Furthest reception from your tuner and how?


I am moving to a remote location - about 4 hours from San Francisco and 6 hours from Portland. There is some radio, but... I'm curious. A few questions for you tuner guru guys:

What equipment do you use?
Modded or stock?
How many filter and gangs, antennas, sleuths, etc.?
What's the most remote signal you have been able to pull?
How has it sounded?
Any thoughts on things you would try if given the opportunity?
biomimetic
Arrrrggggggghhhh!!!!!! What is this, a pirate thing? I once read that the Sansui Tu-X1 could pull signals in from Mars, but maybe that was on AM.

http://forum.audiogon.com/cgi-bin/fr.pl?hbest&939943562&openflup&73&4#73
I just hate fmtunerinfo; "if it's not Kenwood, it's crap" seems to be their motto. Plus, the problem with modding tuners these days like on fmtunerinfo is that as HD radio is encroaching on the low-rez bands, it's getting harder to do a good mod without capturing all that digital hash that's not decoded in the lo-rez spectrum.

How tall are most towers to earth curvature? (i.e. - what's the natural parallax v. tower height?) is hardly argumentative. I know it's further than 80-90 miles which makes me wonder about "signal sleuth"-type boosting of signals to signal fade ratios. Not knowing is fine; I just don't want to get in to "tuner shootout" territory. Being 200 some odd miles from a source means it won't work; that's obviously too far, if it's about Earth parallax, but I wonder if 120 miles or so might work in the right circumstances.

Also: not a pirate thing.

Use a big directional rotatable antenna had occured to me. Does anyone know anything about station signal power and how it relates to tuner gangs, spec's, quieting, how the tuner actually goes about acquiring the signal?

Nobody's actually answered my question:

What's the most distant signal you've acquired and how?

Bio,

I think you are going a tad overboard with the criticism of the fmtunerinfo site. They don't all just like Kenwood. There is one guy, I believe named Jim Rivers, who evaluated a variety of tuners in his own personal system and he happened to think that the Kenwood L-02T was the best. If you go into the website and scroll down to the bottom of the page and click the FM Tuner forum, you can ask this same question and I'm sure you'll get a slew of reasonable answers. The FM forum members consist of a lot of FM techs who know their stuff. Most of these guys aren't audiophiles, so to speak, but they know their tunas and I'm sure would answer all your questions with informative answers. I was kidding about the pirate thing.
I think some of the basic info is good, especially about DIY - I'm not out to get them or anything, but I find other people quoting them "like the bible of tuners says...", and it's not.

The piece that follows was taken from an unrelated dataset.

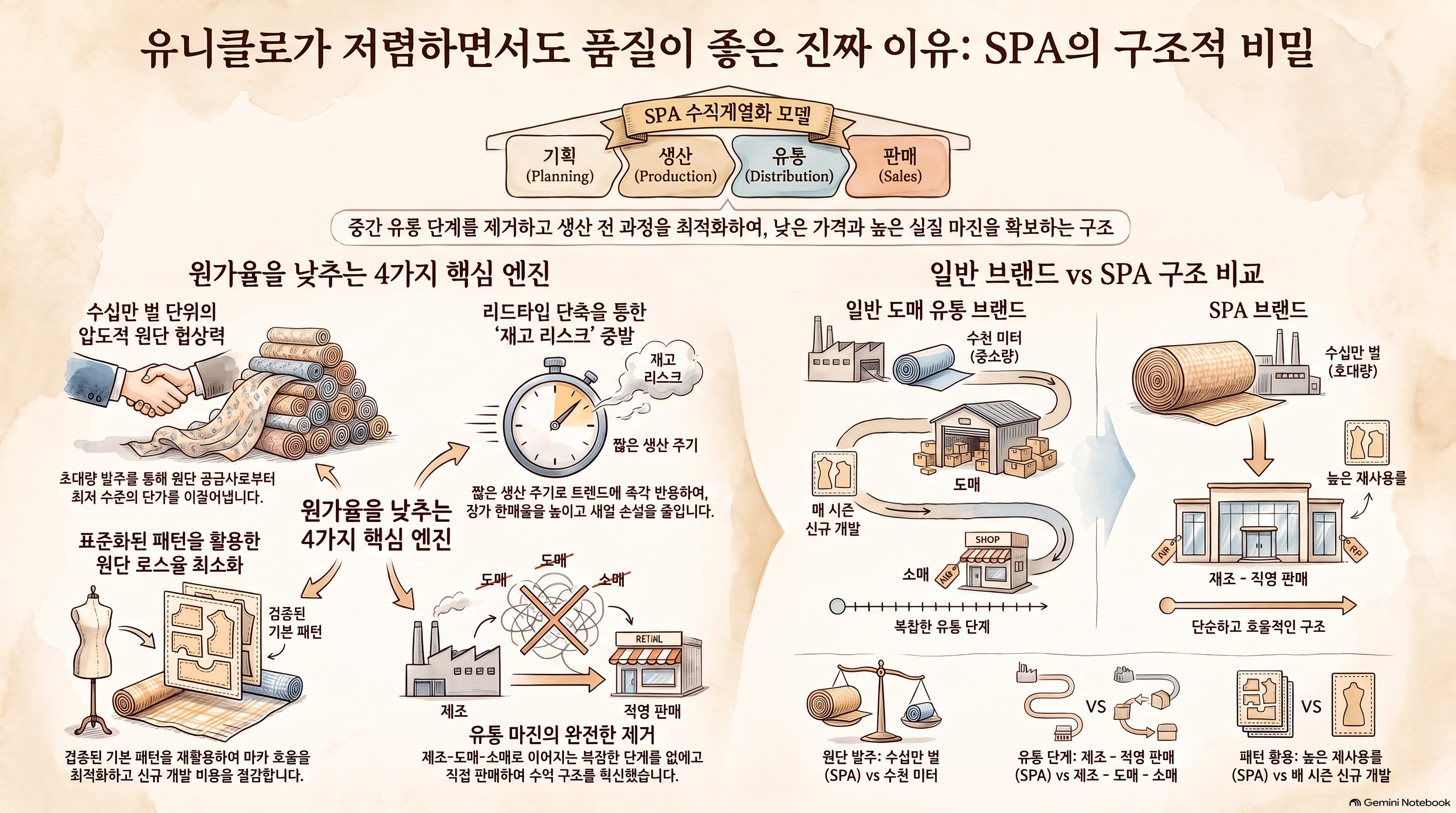 SPA브랜드 원가율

All audio clubs have biases and I happen to think a useful sampling of what's going on on ebay or 'gon helps people that are pulling things out of the attic either to sell or maybe, hopefully, use. I saw an L-02T recently for $30, and it was working. I passed for some reason. I've been kicking myself since.

I'm sort of sorry this forum has degenerated into this, when I really wanted either tall tales or "you won't believe this, but I got a signal from way far away...". Anyone? Please? Bueller...?
Bio,

I'm also a former Eugenean, now in Florence. I lived in Ferry Street Bridge and Whiteaker and never got any Portland stations, but when I moved into the South Hills facing north I could get a few, not listenable though. I knew a guy who lived near the top of Spencer Butte with a big yagi who could get fairly decent Portland. If you're moving to southern OR/northern CA, I can't imagine where you could live and get an antenna high enough to get Portland or SF.

KWVA now streams at 320K which is at least as good as most broadcast signals, and KRVM now has an AACplus stream that is also very good. KLCC is at 80K which is quite listenable. KWAX is at 192K and is also terrific. What more do you need?